Simsek, addressing the Association of Banks in Turkey, predicted economic growth of about 4.5% this year and reaffirmed that monetary tightening will continue.
“We would like in the coming period for banks to continue their growth in a more selective manner by reducing the current account deficit and lowering inflation,” he said, according to Reuters.
Inflationary pressures are exacerbating again in Turkey, driven by the depreciation of the lira and the increase in taxes, and this comes at a time when the country’s new economic team, which includes Şimşek, is coordinating a radical shift in monetary policy that includes raising interest rates, which is expected to slow domestic demand.
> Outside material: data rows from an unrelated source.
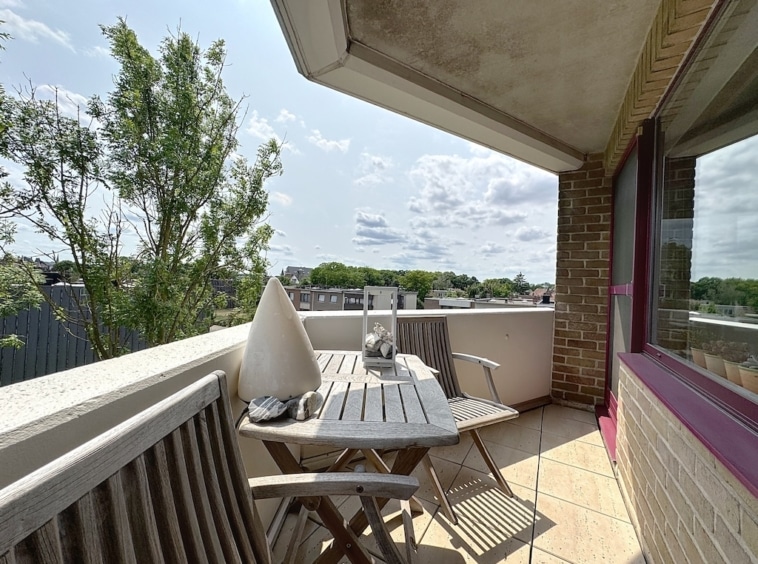 Balcon urbain paisible avec mobilier en bois, vue sur nature et ciel bleu en ville.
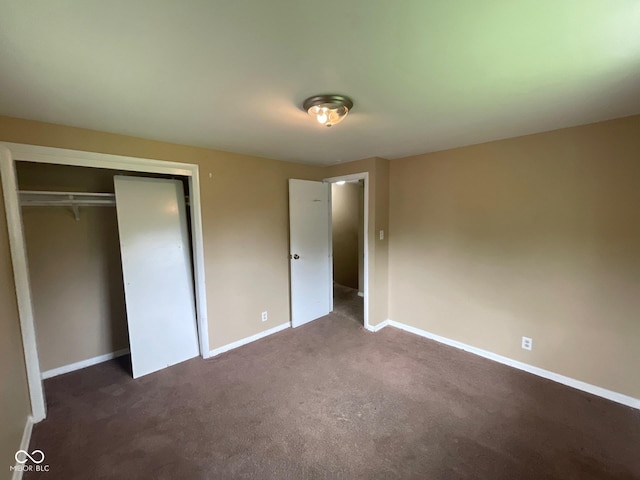 1749 N Graham Ave, Indianapolis, IN 46218 - unfurnished bedroom with dark colored carpet and a closet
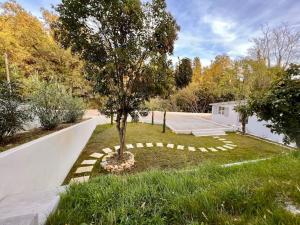 Cottage chaleureux avec jacuzzi en pleine nature في جراس: شجرة في وسط الفناء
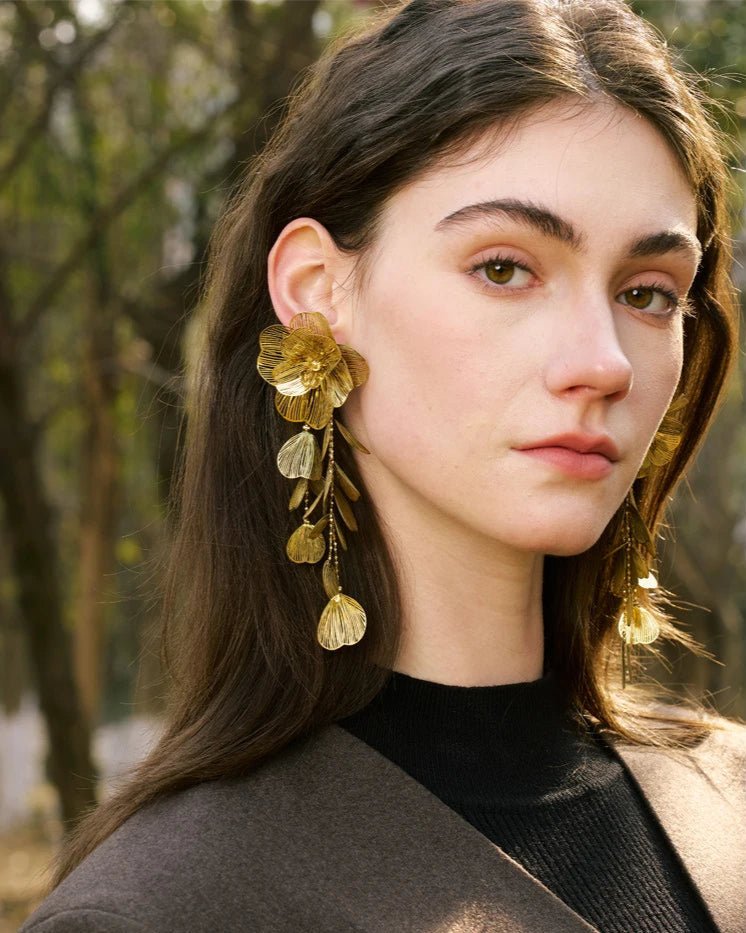 Elegant, young woman, models Gold Flower Motif Statement Earrings, angle 1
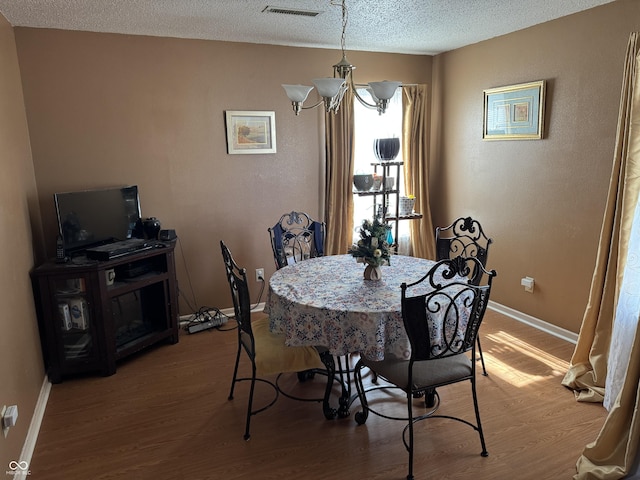 dining space with visible vents, baseboards, a textured ceiling, and wood finished floors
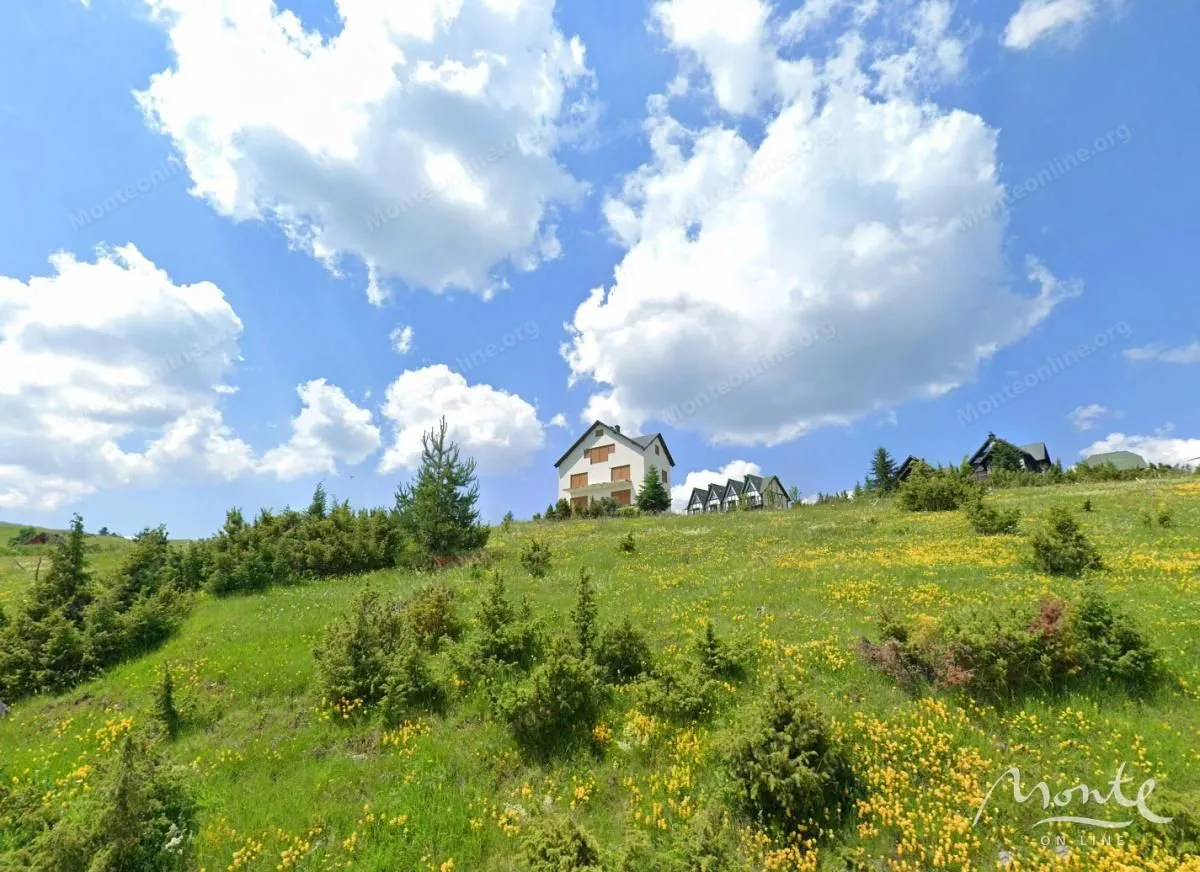 Pogled na kuću sa travnatog imanja i okoline u prirodi.
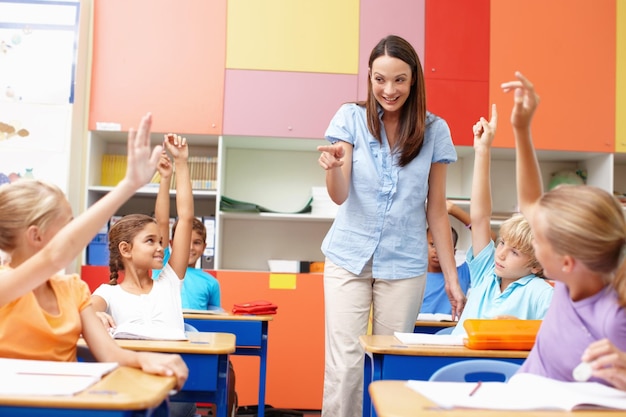 Frau und Kinder mit erhobenen Händen in der Klasse für Bildung Diskussion und Antwortwahl Glücklicher Lehrer und Schüler mit Geste in der Schule für Lernbeteiligung und Lösung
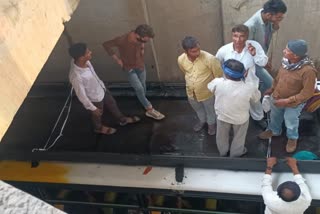 private bus stuck in Neemkathana underpass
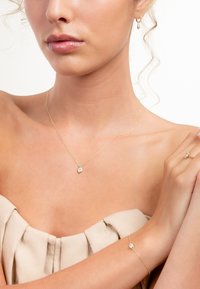 Gouden kettingjuwelen met een kleine heldere gemstone hanger aan een ketting, vergezeld van een bijpassende armband en ring.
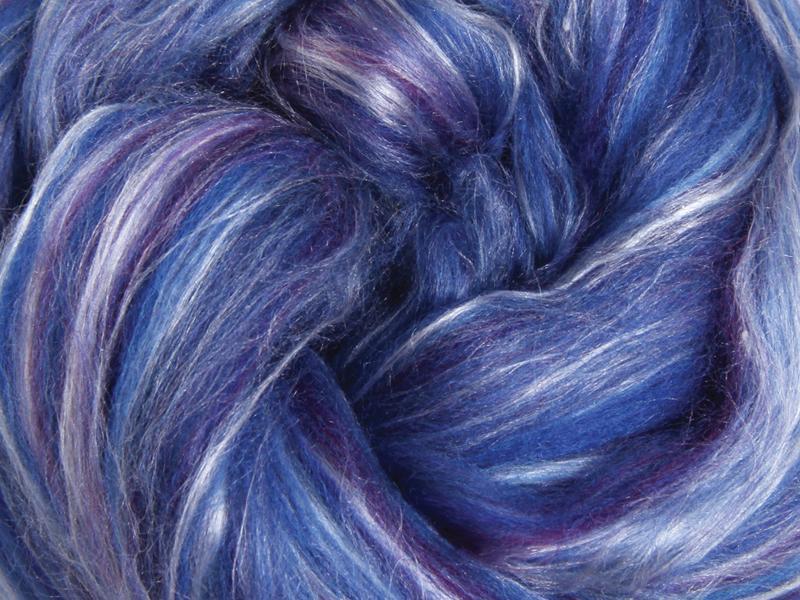Close up picture of a sample of New Zealand Merino and Silk unspun fibre dyed in multi-colour blues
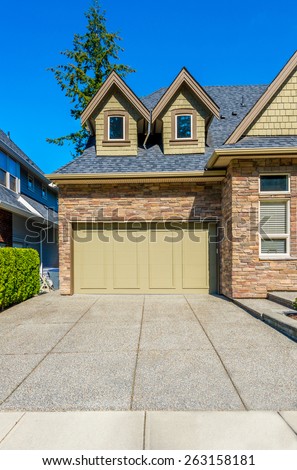 Double doors garage with wide, long driveway. North America. Canada. Vertical.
Şimşek said monetary tightening, which comes after years of deep interest rate cuts, will continue to ensure financial stability.
“Despite the difficult global conditions in 2023, we expect a growth of about 4.5 percent,” he added.
Şimşek, who was appointed to the post in June following the May elections, said he expected private banks to be more supportive of the country’s inflation-lowering policies.
“The period when private banks focused on consumer loans should be passed, it is unsustainable,” he added.